Hosted and narrated with imperious gravitas by Tom Brokaw, the program splits its lean 90 minutes equally between archival footage and present day interviews with King’s fellow travelers and public figures inspired and influenced by King. Following a mostly linear path, the program highlights key events in King’s public life in the cauldron of the South of the 1950s and ’60s, from his early drafting into the Montgomery Bus Boycott; to his philosophy and practice of non-violent protest; to his squaring off against Sheriff Bull Connor in Birmingham in 1963; to the March on Washington the same year; down to his final day in Memphis in 1968. Its mostly a remedial history for those not versed in, or forgetful of, the history of the Civil Rights Movement, but it does make some interesting points, especially regarding King’s media savvy utilizing television, and his political leverage with the Kennedy’s, who bailed him out of some tight spots early on.

The interviews are rather scattershot and sometimes odd in their juxtapositions. Here we have activist Andrew Young, one of King’s right hand men in the Southern Christian Leadership Conference (King’s main outfit of operations), followed by current R&B singer John Legend (?!). Rare interviews with King’s son, Martin III, are followed by bloviating by Bono. Sure, why not, I guess. King culls from a large swath, from journalists who covered King during the ’60s, to Bill Clinton and Condoleeza Rice.

But none really contribute anything profound, except a brief line by Chuck D, MC of politically charged legendary rap group Public Enemy. His sole quote sort of justifies the whole program. He contends, during a discussion of whether King was a radical (as compared to other African-American leaders of a more violent bent, like Stokley Carmichael or Malcolm X), that King was perhaps the most radical of all the Civil Rights activists, but during the 40 years since his death, his legacy and life have been softened, as the man passed into legend and his words became taken for granted.

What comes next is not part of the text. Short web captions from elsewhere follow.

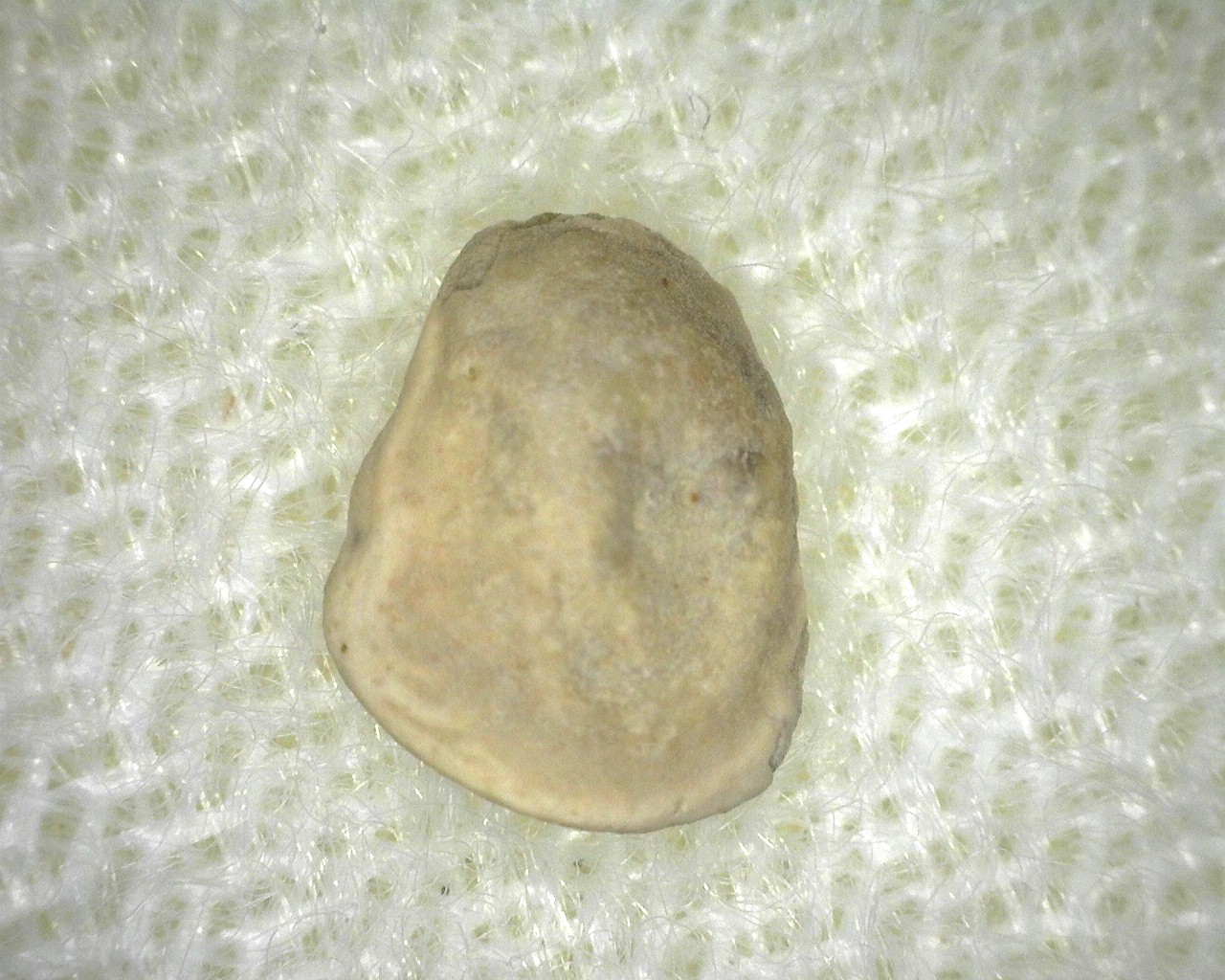 permian-oklahoma-edops-armor-plate-1b.jpg | Fossils for Sale Genuine Fossil Permian Edops Armor Plate from Oklahoma For Sale #1b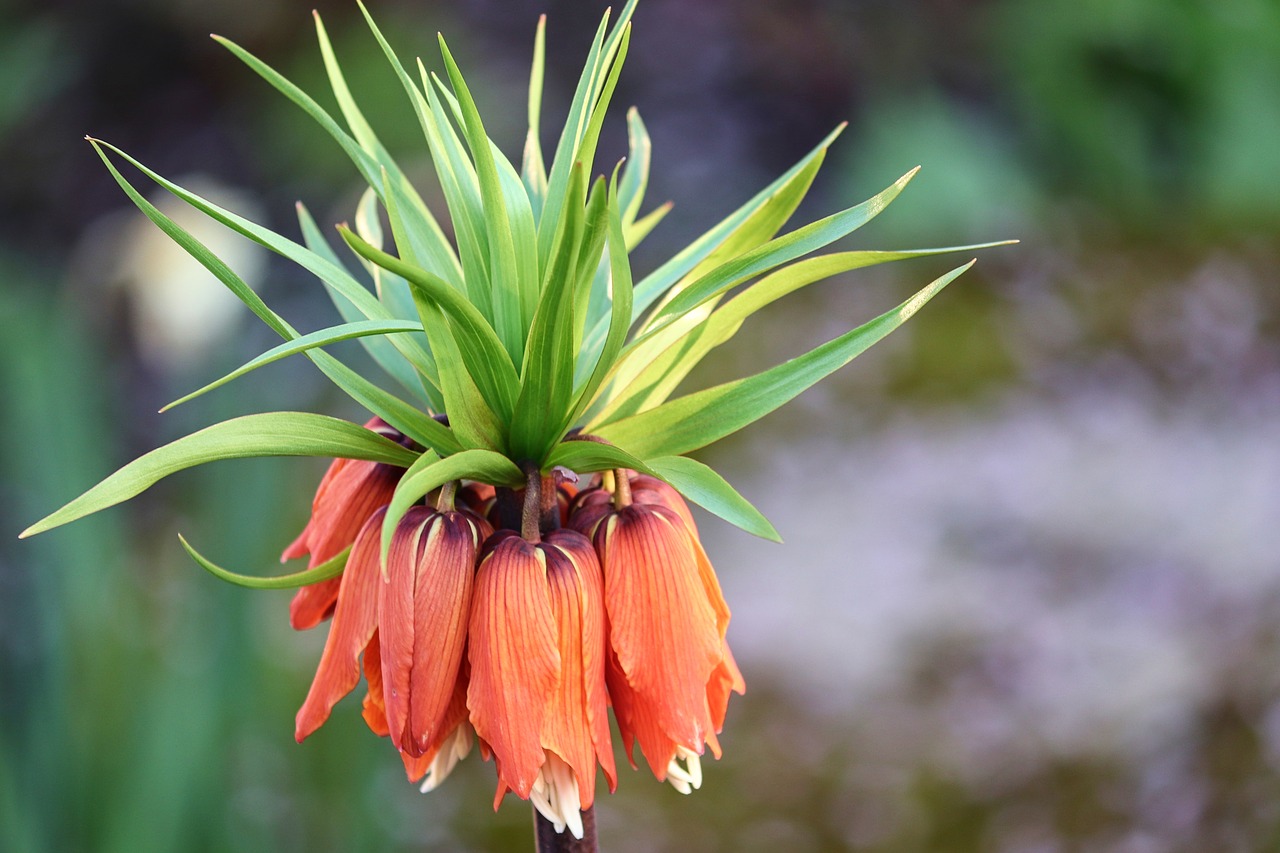 imperial crown  red  fritillaria free photo
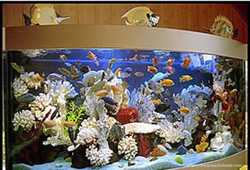 Установка обслуживание аквариумов. морские и пресные 3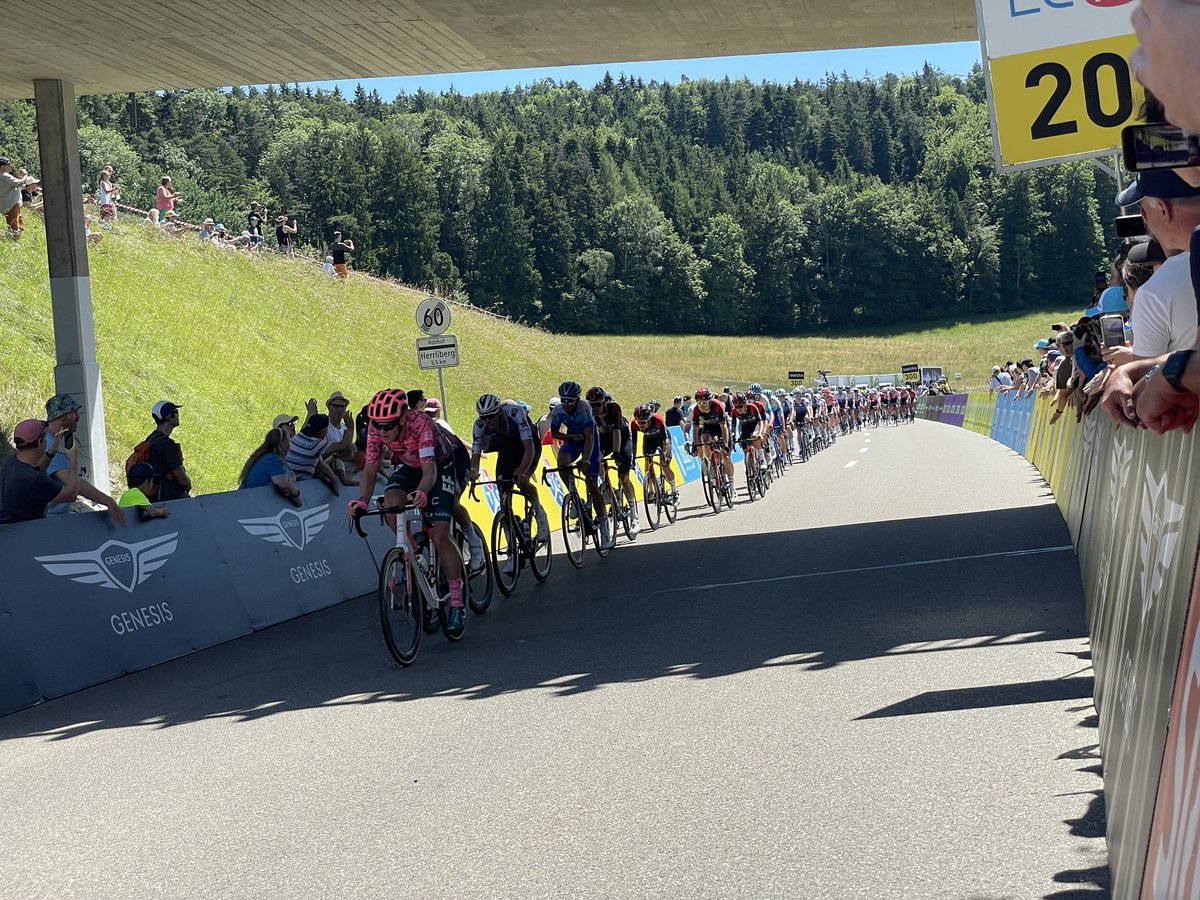 Markus Fehr tweet media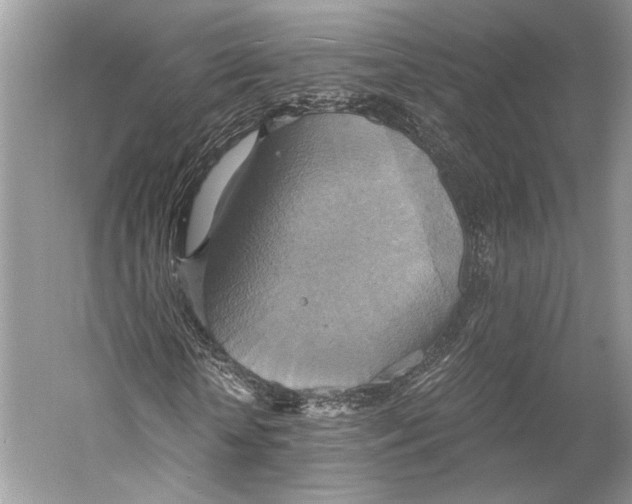 X0000058820818200510171534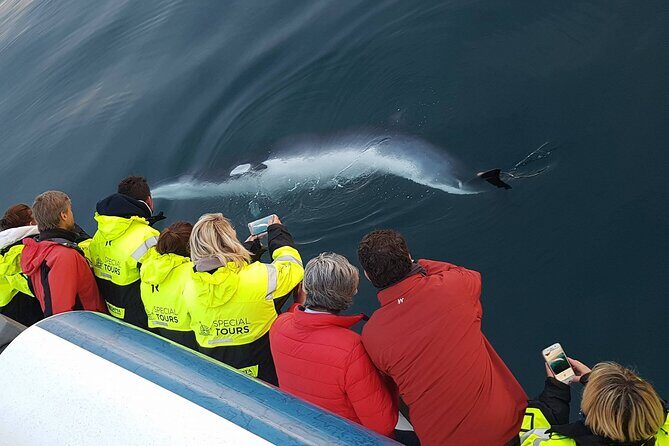 Whale-Watching Boat Tour with Expert Guide from Reykjavik - Final Thoughts: Is This the Tour for You?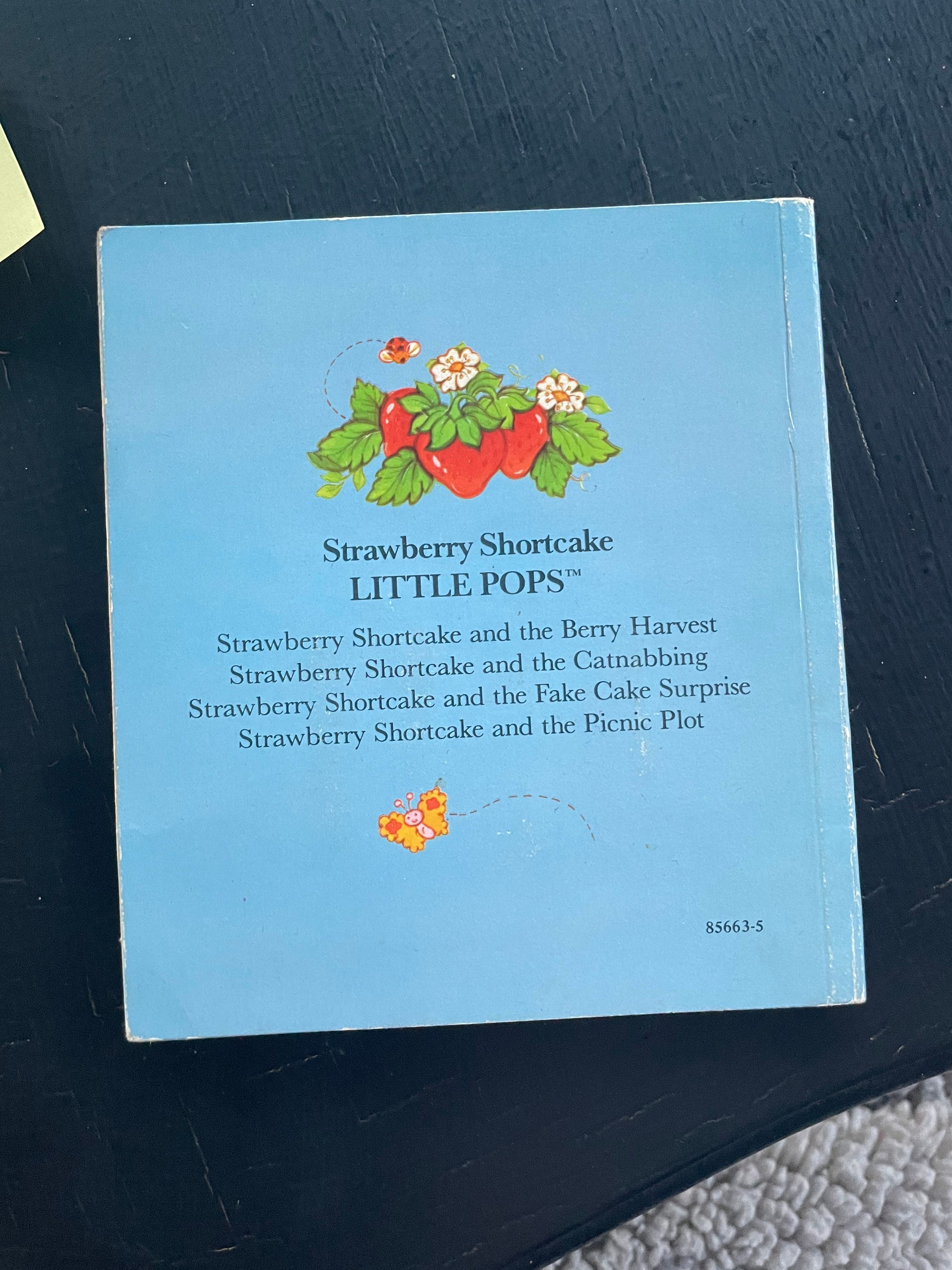 Strawberry Shortcake and the Picnic Plot Little Pops Popup Etsy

If nothing else, we should again listen to the man, hear his words and regard his actions, both in the context of the 1960s, and the present. We would realize that his is still the most challenging and most radical path to follow – and still the most necessary.

King is nicely complemented by Voices of Civil Rights, a powerful 45-minute program which eschews standard documentary format in favor of a fugue-like oral history of the Civil Rights Movement. Culled from innumerable first person narrative interviews, the program offers a unique eye-witness perspective on life in the South during the ’50s and ’60s from those who lived through it, from both African-American and Caucasian points of view. The total is greater than the sum of its parts, the various stories forming together a vivid patchwork picture of a specific time, place and society.

Certain testimonies do stand out from the others, though, including the harrowing tragic story of an activist African-American family from Louisiana plagued by the KKK, to the point where the Klan firebombed and besieged the family’s home. The story is told by two sisters who survived the attack and, surprisingly, by one of the Klansmen looking back repentantly (I think) on his past. It is devastating in its simplicity and frankness. The other testimony that stayed with me was quote from a woman remembering segregation, and summed it best by saying, “It was never separate but equal…it was just separate.”